TRAVEL

Ginger versus Marianne

It is 3,30 am and I am awake after an evening porchetta fest.At first, I thought I overdosed on the salt, my head was tingly before I went to bed but now I think I have a bit of indigestion.And I can’t tell if it is from the porchetta or from the evening’s dialogues.Both brought me back to Los Angeles circa 1997.

Flashback: August 1997

Our heroine has relocated and been living in Los Angeles for two months with her boyfriend, LA native of three years.Her attempts at friendships have produced:

a.renewed friendship with college roommate Paulina

b.new friendship with bowling partner and fashionista Madge

c.negated attempts at friendship by all of her boyfriend’s female friends.Attempts include invitations to play tennis (uhh, no, I’m out of town), to have coffee (uh, no, i don’t drink caffeine) and watch a film (uh, no, i don’t watch movies)

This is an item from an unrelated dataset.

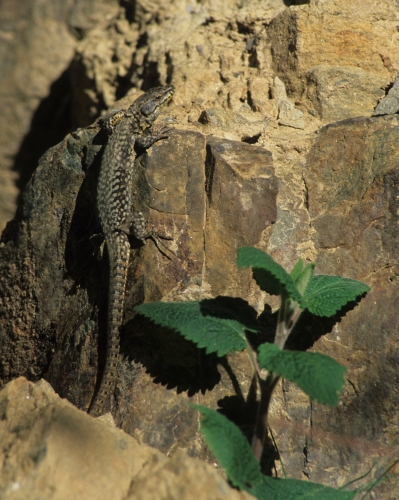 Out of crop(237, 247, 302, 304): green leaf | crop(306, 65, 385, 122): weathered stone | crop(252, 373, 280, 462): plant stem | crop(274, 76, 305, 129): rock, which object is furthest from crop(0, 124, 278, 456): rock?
crop(306, 65, 385, 122): weathered stone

Like a naïve puppy, our heroine continues trying only to be told by Paulina that LA women are bitches and our heroine need not forge friendships with her boyfriends female friends, as they obviously don’t care.It takes three more months of failed, embarrassing attempts before Paulina’s wisdom sinks in.

Flashforward: March 2007

I’ve been dating The Professor, which on some days can mean I am Marianne, charming and naive, and on others, I’m more of Ginger, tall and resistant to the little naggings that are meant to cut.As Ginger, I would laugh everything off, and as Marianne, I find that I am annoyed by the slight patronization of the local sisterhood.My mind has found strong similarities between Roman and Los Angeles women— pretty, possessive and catty.Only differences:Los Angeles women have great hair and cheesy clothing whereas Roman women have cheesy hair and great, cheesy clothing.

Conversation 1:The Indirect Hit

The Professor: “Did you get a cigarette from Marta*? She told me you bummed a cigarette from her.”

Moi:“Oh yes, I asked her for one.She didn’t have any.Why?”

The Professor:“She said you smoked one of hers.

Moi is a bit confused. Why would Marta say Moi took a cigarettatte when she didn’t? Perhaps The Professor mistranslated.

The Professor continues:

“Marta wanted to know why Americans always ask for cigarettes but never have one.”

Beat

“It’s kind of bad manners.”

Moi:“Okay.”

Pause

“Why did she say that?”

The Professor:“I don’t know.”

*Marta, same person who told The Professor it perhaps wasn’t a good time to be involved in a relationship.Length of Friendship with The Professor:3 years.Moi’s opinion:What the Fuck.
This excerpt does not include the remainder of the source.